#### SUPPLIED MATERIAL ####

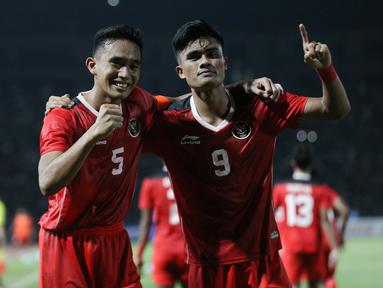 Tuntas sudah puasa 32 tahun medali emas Indonesia dari cabor sepak bola SEA Games setelah Timnas Indonesia U-22 asuhan Indra Sjafri memenangi laga final penuh drama atas Thailand pada SEA Games 2023 di National Olympic Stadium, Phnom Penh, Kamboja, Selasa (16/5/2023). Kemenangan 5-2 (2-2) Timnas Garuda Muda atas Thailand diraih lewat laga yang harus diselesaikan melalui perpanjangan waktu. Sempat terjadi dua kali keributan di bench pemain dalam laga tersebut, yaitu saat Thailand menyamakan skor 2-2 di penghujung injury time babak kedua dan saat Irfan Jauhari membawa Timnas Indonesia unggul 3-2 di awal perpanjangan waktu babak pertama. (Bola.com/Abdul Aziz)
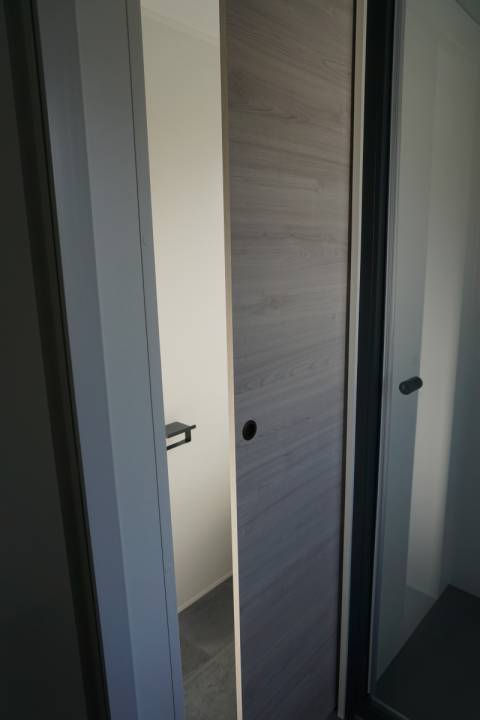 porte coulissante toilette salle d'eau du mobil home neuf 2 chambres TRIGANO Evo 35  2022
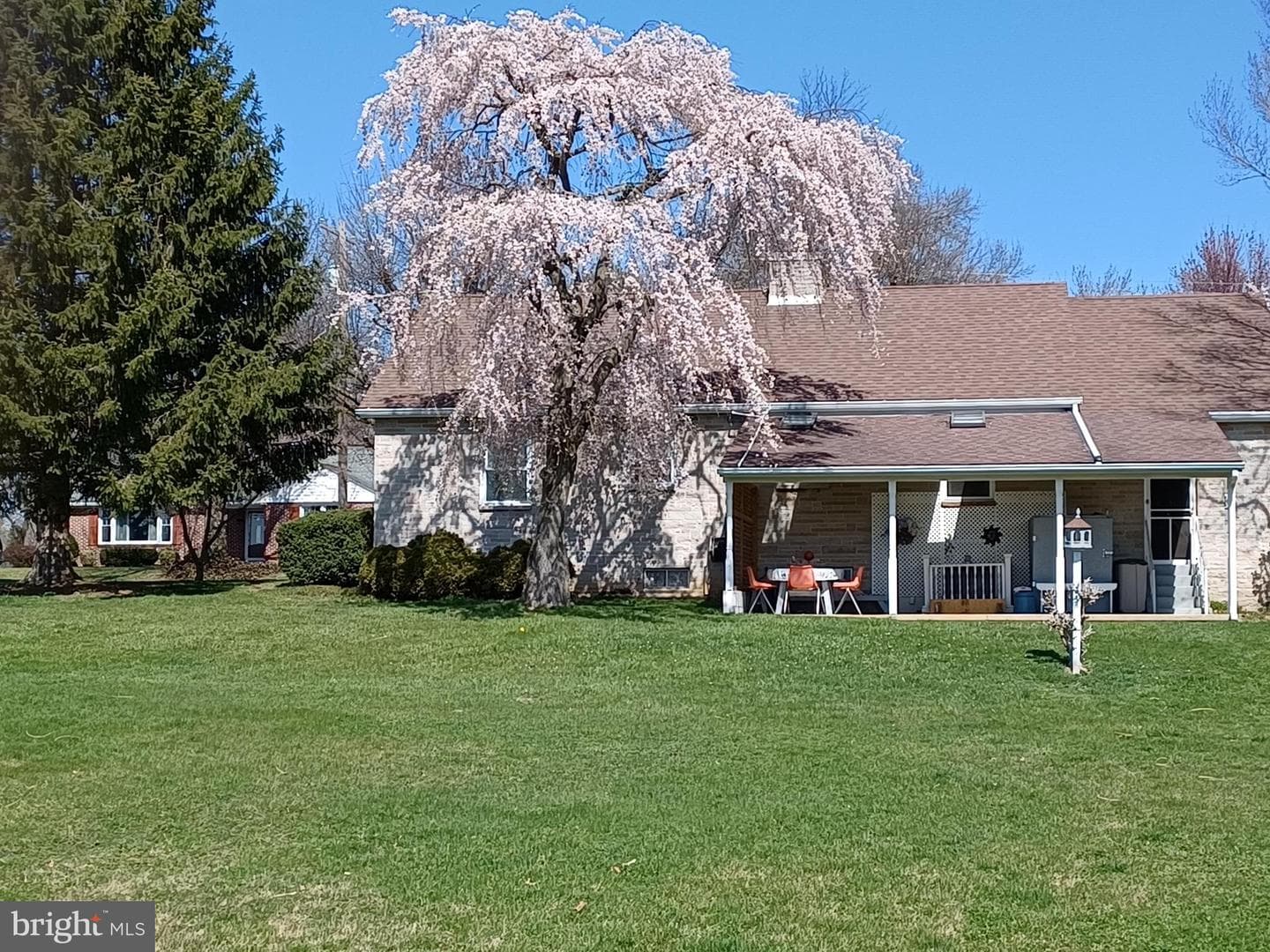 42 E Grandview Avenue photo 3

####

WORK REQUIRED >>
The whole listing must be restated word for word. Leave out any pictures.

TASK OUTPUT >>
 Tuntas sudah puasa 32 tahun medali emas Indonesia dari cabor sepak bola SEA Games setelah Timnas Indonesia U-22 asuhan Indra Sjafri memenangi laga final penuh drama atas Thailand pada SEA Games 2023 di National Olympic Stadium, Phnom Penh, Kamboja, Selasa (16/5/2023). Kemenangan 5-2 (2-2) Timnas Garuda Muda atas Thailand diraih lewat laga yang harus diselesaikan melalui perpanjangan waktu. Sempat terjadi dua kali keributan di bench pemain dalam laga tersebut, yaitu saat Thailand menyamakan skor 2-2 di penghujung injury time babak kedua dan saat Irfan Jauhari membawa Timnas Indonesia unggul 3-2 di awal perpanjangan waktu babak pertama. (Bola.com/Abdul Aziz)
 porte coulissante toilette salle d'eau du mobil home neuf 2 chambres TRIGANO Evo 35  2022
 42 E Grandview Avenue photo 3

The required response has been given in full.